An article I found attempts to elevate the random meeting ice-breaker question “what do you do” to a higher level.
The very nature of a better question than that lame, stale one is to rise above finite answers like ” I am a corporate banker in a local savings bank” to which we answer “Oh” and get us to an open-ended answer that shows the promise of additional intelligent conversation.
Like the one I use in the title and everywhere I go. It elicits a “I must think about the answer before I offer it” response. It opens the two (or more) people into an articulate and higher-level conversation to find common ground, more towards the understanding of why each other does what they do.
Neither “who’s your favorite super-hero?”, as the article suggests. Really? Are we 14?
Nor “where did you grow up?” which for some is a litany of military or IBM bases, and is this important?
Both of those will end with the other person uttering “Ok, that’s interesting” which it is certainly not, and then retreating back to safe territory like “what do you do?”
I urge you to be challenging and personable as you ask some of the questions (not the two above!) offered in the article.
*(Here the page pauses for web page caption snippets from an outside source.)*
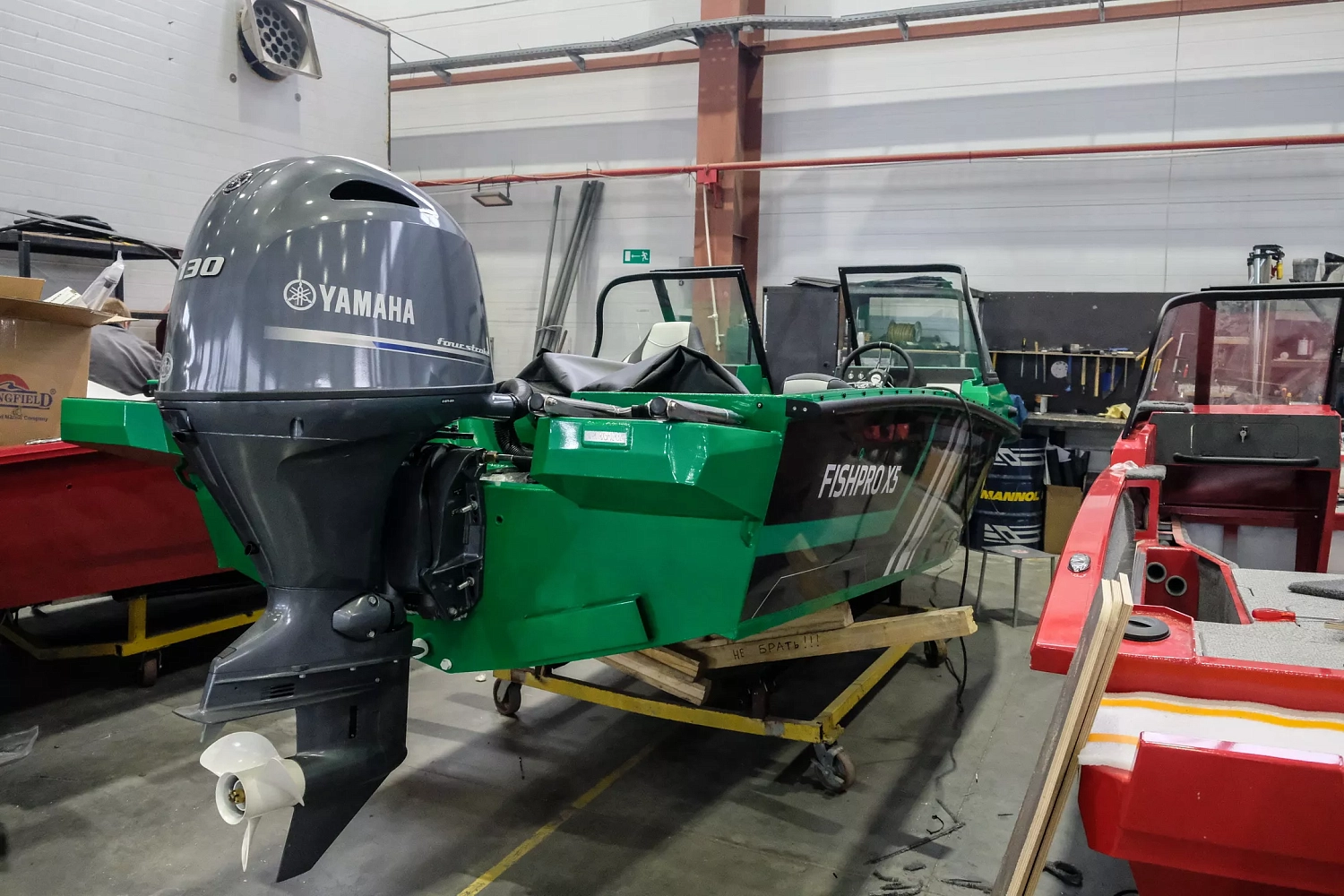 Оборудование Senfeng гарантирует точность производства прогулочных катеров и яхт 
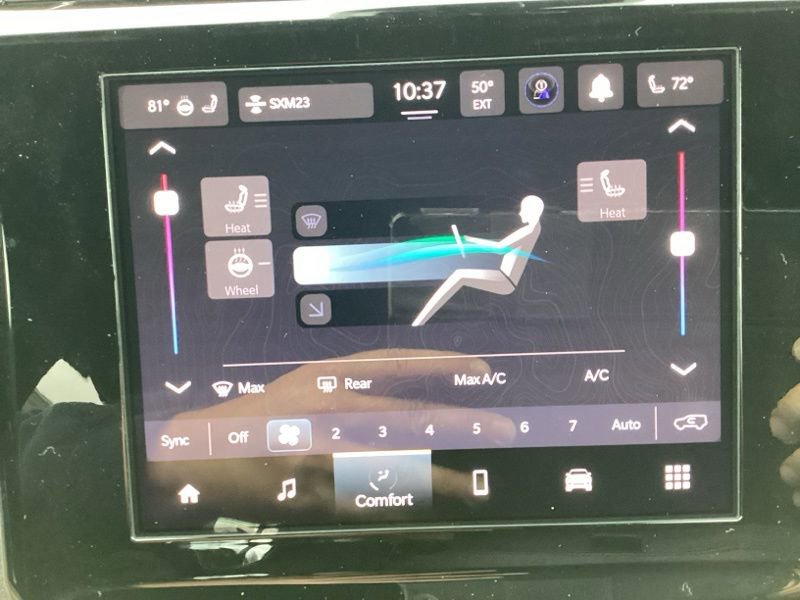 New 2025 Jeep Grand Cherokee Altitude AWD/4WD image 47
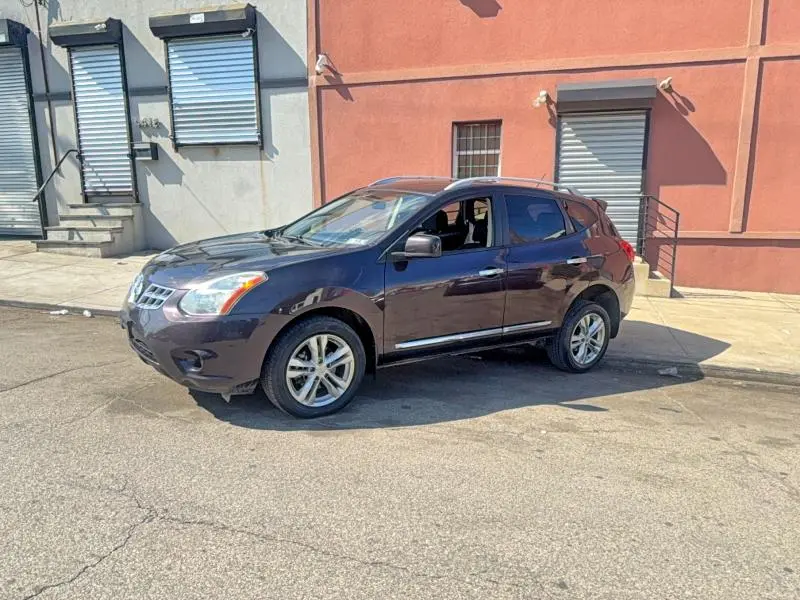 2013 NISSAN ROGUE S  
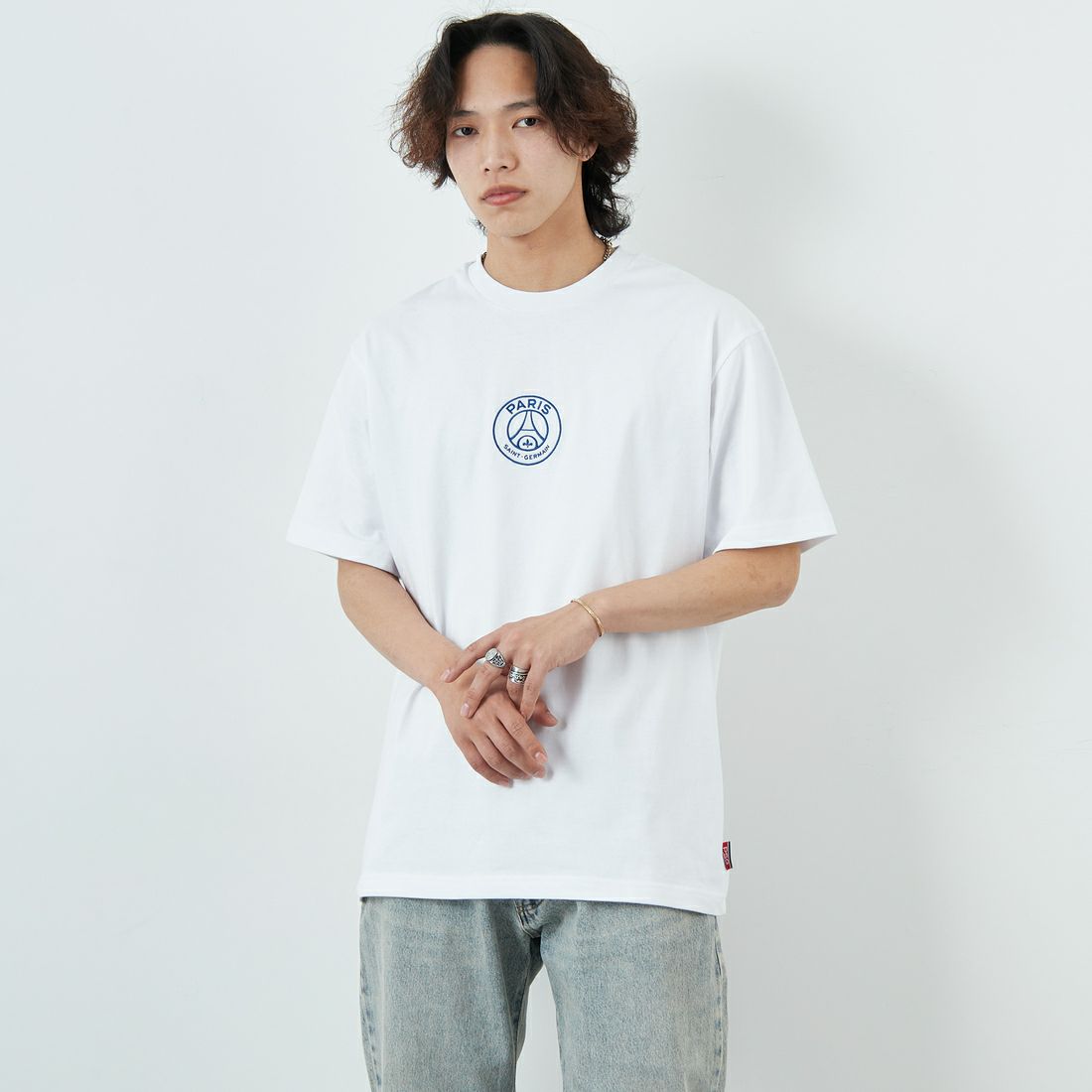 PARIS SAINT-GERMAN [パリ・サンジェルマン] サークルロゴ刺繍 ショートスリーブTシャツ [PS0125SS0002] WHITE &&モデル身長：179cm 着用サイズ：XL&&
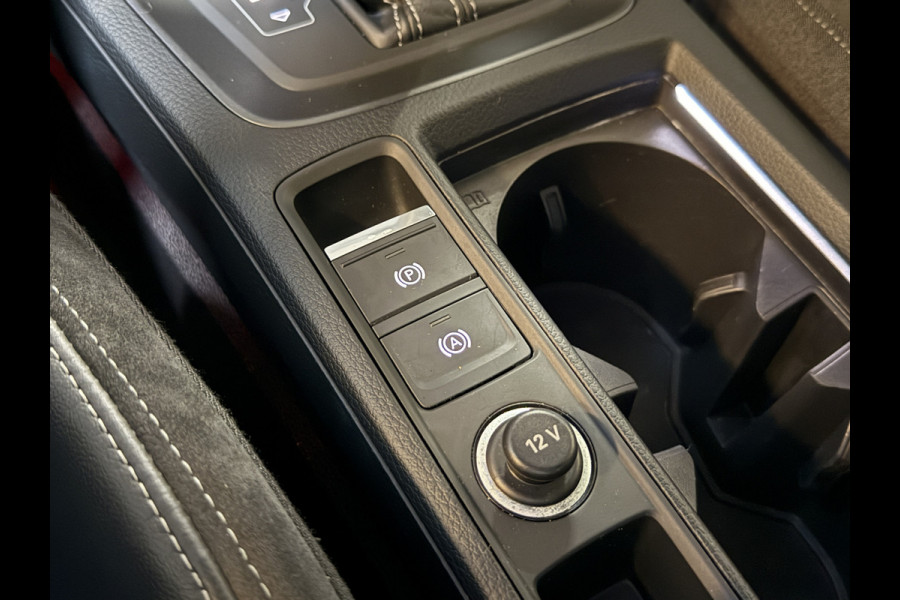 Audi Q3 45 TFSI e S edition | 1e Eigenaar | NAP | 2x S-line | Sfeerverlichting | Apple Carplay | Sportstoelen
Get to the “why.”
Seek insight and repartee. Ask and answer, and keep asking the next level questions.
Or politely part company and find someone else more communicative.
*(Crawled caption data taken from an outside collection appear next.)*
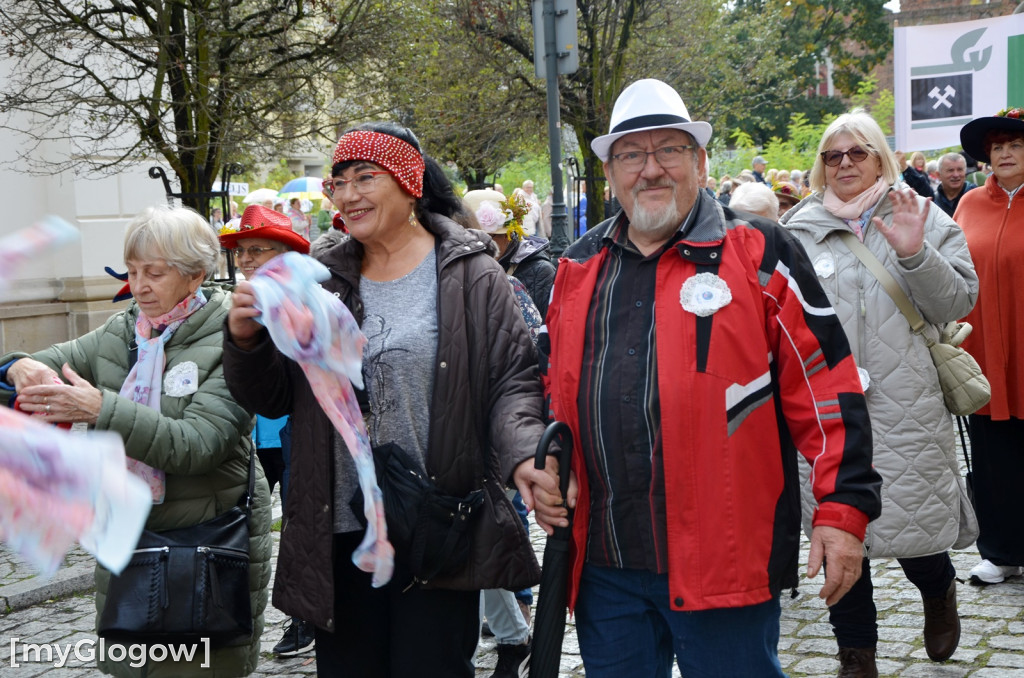 Korowód seniorów w Głogowie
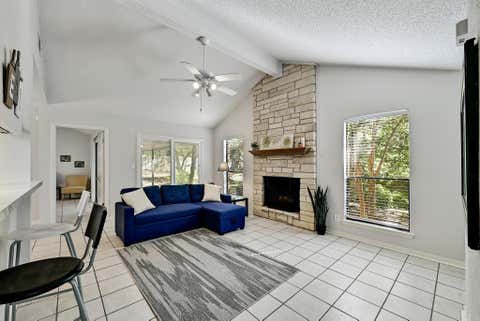 Tiny photo for 275 Mooring CIR #B, Lakeway, TX 78734 (MLS # 6535182)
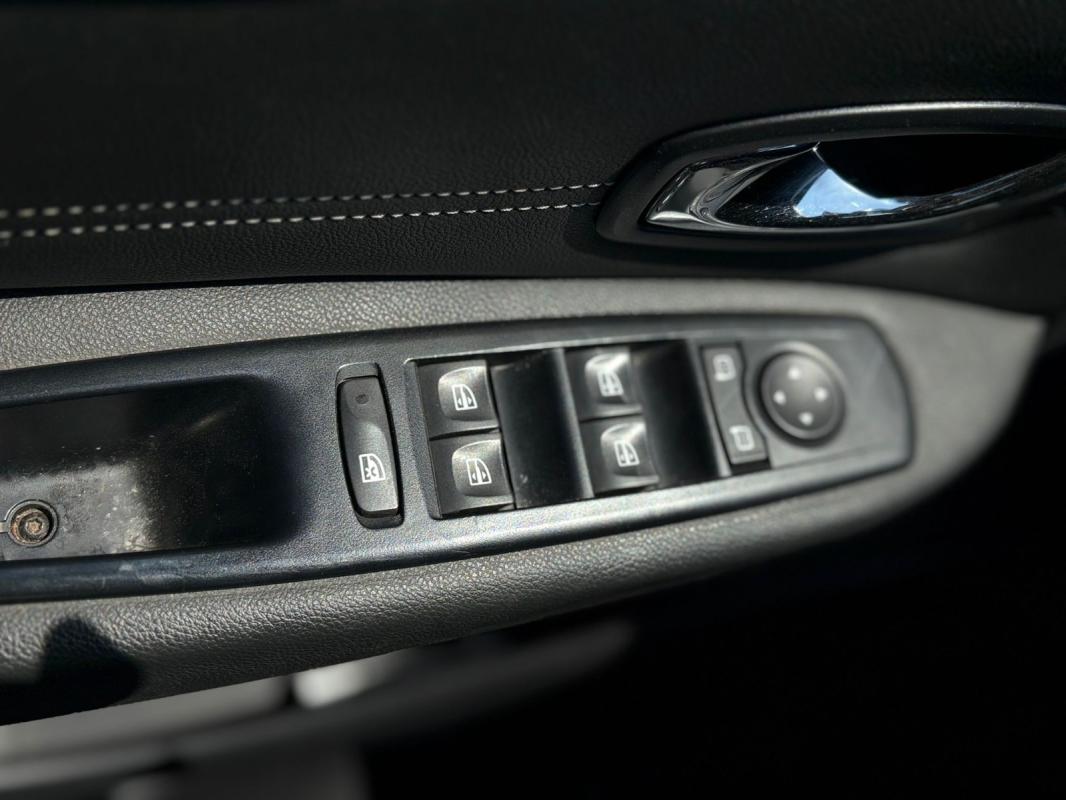 Renault Scenic III Dynamique UNIQUEMENT EXPORT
Be ready to ask and answer: Why do you do what you do?
Marc W. Halpert
LinkedIn personal coach, group trainer, marketing strategist and overall evangelist, having a great time pursuing my passion of connecting professionals so they can collaborate better!
My dad taught me years ago that the best ice breaker for getting to know someone new was to ask, “How did you get involved in ….. ” it often elicits a response that includes their life story… and who doesn’t want to talk about that topic?